Yes, you could store 0 bytes of data and fulfill what is required for
duplicate suppression.  That should result in a smaller history.pag
file.  But consider, you are storing perhaps 30 bytes of key and 4 bytes
of data.  Cutting back from 34 to 30 bytes is not going to make a
significant improvement.

I have a "newalias" program for handling updates to my mail alias file
that does dbm adds and deletes instead of rebuilding the entire thing
from scratch.  It runs about 10 times faster that way.

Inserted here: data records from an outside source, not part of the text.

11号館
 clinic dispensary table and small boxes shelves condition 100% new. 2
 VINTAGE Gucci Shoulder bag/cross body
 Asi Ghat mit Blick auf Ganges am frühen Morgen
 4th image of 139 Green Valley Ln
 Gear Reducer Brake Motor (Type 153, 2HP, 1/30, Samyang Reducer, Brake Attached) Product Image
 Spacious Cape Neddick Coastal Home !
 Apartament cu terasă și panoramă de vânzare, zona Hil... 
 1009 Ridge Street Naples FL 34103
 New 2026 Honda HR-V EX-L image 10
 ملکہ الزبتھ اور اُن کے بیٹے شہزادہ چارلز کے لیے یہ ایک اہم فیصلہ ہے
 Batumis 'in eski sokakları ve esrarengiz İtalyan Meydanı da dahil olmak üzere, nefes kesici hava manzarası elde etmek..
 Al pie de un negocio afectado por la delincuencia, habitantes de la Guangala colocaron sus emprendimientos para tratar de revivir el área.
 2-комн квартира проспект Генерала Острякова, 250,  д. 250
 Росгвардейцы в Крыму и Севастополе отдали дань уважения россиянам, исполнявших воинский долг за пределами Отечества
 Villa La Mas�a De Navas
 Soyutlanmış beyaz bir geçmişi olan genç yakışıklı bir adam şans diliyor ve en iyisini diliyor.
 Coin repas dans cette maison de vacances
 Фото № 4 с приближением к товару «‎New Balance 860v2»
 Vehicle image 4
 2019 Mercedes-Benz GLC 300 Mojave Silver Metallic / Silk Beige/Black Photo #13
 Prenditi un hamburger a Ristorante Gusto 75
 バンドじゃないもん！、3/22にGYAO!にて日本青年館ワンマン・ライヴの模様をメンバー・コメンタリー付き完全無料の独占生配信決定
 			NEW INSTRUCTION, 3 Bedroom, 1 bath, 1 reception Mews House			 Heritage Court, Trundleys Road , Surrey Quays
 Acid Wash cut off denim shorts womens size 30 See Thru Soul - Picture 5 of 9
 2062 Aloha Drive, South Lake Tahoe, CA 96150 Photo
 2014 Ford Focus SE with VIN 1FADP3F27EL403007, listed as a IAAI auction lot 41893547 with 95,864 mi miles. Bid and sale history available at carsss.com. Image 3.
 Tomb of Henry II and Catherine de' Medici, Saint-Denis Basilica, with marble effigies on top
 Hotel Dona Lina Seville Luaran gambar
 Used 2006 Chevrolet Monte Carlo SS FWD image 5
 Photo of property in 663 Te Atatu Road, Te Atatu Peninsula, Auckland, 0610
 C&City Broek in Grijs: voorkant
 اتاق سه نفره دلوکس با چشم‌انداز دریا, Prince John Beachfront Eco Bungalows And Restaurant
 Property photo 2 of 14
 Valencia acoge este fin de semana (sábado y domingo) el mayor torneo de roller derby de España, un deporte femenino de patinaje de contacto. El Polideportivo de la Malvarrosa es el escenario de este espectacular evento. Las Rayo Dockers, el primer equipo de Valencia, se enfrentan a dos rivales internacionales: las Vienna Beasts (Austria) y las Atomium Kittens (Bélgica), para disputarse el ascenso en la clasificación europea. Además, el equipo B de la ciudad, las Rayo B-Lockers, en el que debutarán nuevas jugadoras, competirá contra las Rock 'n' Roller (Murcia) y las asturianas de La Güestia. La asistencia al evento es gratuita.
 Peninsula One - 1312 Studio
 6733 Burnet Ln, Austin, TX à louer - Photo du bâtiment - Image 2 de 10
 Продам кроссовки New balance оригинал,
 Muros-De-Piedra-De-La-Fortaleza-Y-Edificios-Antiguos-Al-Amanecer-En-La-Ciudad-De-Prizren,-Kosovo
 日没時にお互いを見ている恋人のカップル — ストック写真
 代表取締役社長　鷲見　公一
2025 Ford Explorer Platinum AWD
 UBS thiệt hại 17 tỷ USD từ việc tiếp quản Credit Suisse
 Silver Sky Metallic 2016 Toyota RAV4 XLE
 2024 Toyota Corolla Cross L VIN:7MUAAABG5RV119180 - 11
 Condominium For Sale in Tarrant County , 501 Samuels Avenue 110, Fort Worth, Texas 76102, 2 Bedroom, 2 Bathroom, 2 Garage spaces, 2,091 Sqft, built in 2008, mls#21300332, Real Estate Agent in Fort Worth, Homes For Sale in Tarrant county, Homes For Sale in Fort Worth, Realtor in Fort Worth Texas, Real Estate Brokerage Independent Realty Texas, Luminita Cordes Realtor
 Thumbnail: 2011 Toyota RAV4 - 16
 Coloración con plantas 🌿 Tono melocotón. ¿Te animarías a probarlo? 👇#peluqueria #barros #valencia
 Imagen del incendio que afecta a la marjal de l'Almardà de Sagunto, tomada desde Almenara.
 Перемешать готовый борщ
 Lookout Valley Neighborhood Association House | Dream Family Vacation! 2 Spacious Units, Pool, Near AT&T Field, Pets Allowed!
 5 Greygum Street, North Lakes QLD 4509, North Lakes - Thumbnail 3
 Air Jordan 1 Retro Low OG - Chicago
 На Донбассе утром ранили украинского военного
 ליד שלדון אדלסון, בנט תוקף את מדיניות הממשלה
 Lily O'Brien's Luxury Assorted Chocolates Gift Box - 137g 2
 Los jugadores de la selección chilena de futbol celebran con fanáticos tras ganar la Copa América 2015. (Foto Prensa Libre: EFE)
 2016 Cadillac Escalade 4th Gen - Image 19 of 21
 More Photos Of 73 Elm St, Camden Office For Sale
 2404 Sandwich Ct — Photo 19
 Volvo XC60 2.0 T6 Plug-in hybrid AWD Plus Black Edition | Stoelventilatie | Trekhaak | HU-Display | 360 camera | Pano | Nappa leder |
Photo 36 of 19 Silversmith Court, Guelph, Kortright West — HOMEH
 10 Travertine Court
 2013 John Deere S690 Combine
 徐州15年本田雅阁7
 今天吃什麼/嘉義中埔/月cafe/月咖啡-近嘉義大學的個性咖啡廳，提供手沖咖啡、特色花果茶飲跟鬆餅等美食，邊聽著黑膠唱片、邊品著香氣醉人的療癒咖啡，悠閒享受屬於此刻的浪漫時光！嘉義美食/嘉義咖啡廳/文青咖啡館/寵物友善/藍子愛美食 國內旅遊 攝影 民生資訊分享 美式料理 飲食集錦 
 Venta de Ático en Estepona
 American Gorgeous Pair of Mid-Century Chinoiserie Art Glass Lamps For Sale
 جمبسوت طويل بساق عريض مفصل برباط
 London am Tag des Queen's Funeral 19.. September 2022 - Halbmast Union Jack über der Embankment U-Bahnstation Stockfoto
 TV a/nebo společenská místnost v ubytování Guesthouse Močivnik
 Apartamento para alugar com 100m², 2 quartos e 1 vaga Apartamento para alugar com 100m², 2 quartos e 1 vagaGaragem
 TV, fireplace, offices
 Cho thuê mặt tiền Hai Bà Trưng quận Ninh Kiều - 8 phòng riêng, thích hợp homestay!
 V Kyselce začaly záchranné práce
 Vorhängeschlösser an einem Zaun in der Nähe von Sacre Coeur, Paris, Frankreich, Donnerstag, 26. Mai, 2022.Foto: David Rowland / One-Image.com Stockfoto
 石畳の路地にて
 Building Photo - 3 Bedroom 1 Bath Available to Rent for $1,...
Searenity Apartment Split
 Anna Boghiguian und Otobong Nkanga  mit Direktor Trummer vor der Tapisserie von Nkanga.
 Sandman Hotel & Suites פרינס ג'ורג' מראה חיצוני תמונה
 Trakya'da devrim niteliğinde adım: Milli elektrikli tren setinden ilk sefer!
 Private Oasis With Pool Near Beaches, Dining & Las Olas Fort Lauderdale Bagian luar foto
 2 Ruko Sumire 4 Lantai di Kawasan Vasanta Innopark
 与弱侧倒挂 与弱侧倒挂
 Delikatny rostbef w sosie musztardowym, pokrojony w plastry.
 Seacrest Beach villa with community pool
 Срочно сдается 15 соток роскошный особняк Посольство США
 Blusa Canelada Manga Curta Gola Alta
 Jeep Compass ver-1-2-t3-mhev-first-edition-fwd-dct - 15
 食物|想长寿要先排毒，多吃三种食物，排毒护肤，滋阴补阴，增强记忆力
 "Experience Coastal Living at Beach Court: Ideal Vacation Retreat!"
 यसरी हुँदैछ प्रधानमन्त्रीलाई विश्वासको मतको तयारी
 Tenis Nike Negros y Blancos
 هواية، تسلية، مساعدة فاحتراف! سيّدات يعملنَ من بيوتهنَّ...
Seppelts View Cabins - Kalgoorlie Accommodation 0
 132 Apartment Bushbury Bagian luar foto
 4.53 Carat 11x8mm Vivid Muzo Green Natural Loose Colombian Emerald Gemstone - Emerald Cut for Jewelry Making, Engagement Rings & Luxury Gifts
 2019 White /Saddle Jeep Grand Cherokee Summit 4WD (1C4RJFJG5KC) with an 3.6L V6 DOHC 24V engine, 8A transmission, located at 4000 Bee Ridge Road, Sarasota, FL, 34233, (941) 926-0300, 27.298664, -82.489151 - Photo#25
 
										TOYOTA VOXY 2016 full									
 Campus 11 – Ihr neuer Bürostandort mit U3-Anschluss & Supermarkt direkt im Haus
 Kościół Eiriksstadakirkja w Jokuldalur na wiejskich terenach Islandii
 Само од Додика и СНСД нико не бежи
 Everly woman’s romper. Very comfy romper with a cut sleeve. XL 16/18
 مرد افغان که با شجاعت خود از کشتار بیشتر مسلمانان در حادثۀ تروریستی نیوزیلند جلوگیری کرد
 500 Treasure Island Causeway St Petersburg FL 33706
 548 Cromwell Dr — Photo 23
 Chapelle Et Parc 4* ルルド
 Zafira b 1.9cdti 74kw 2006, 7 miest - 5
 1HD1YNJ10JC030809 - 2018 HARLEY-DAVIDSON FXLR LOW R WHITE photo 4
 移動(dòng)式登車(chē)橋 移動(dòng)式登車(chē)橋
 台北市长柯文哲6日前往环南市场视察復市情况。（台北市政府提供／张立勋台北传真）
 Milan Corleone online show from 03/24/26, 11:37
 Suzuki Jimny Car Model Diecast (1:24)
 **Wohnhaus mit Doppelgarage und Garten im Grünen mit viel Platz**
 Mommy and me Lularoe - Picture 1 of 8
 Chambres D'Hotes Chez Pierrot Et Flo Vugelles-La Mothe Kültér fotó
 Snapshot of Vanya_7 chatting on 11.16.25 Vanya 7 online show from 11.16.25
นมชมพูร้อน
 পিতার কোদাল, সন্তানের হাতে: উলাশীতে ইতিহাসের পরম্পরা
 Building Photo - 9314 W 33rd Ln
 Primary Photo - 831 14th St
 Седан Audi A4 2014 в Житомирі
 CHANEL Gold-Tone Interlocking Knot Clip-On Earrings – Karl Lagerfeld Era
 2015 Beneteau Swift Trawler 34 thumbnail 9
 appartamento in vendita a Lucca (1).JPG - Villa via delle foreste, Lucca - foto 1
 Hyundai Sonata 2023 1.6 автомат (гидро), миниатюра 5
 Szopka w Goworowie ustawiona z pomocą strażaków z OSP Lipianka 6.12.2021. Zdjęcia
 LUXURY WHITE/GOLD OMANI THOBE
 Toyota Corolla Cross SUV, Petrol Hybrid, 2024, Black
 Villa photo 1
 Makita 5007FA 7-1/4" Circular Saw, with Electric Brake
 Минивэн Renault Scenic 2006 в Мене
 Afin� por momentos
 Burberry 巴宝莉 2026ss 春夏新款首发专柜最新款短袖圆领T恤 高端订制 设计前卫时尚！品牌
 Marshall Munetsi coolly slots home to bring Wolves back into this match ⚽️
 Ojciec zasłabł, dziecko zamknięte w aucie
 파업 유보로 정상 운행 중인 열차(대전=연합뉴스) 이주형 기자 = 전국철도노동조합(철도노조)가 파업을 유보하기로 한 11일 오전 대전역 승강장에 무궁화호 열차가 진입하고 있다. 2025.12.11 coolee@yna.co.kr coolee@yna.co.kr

But the history.pag file is a different case.  Even if we ignore the
period of inconsistancy of the pointers into the text file that whould
exist if it was being updated, there is still a more significant
problem.  The history.pag file depends on being "sparse" and, as it says
in the documentation, deleting an entry does not free the disk block.
If you went along deleting entries the distribution would eventually
result in every disk block in the history.pag file actually being
allocated.

In other words the physical size of the history.pag file would grow to
equal its logical size.  Given how the logical size of the history.pag
file shocks people until they find out it is not really that big I think
this would not be a good idea.  It might be OK for a few times but at
some point one would want to rebuild from scratch.

I have been using the dbz package with my B news and it works great.
The history.pag file is lots smaller and the expire is about 10 times
faster.  The dbz package takes advantage of the fact that both the key
and the data are in the text file so it only needs to store the offset.
Given that the key is lots bigger than the offset this is a bigger win
than not storing the offset.

				Jerry Aguirre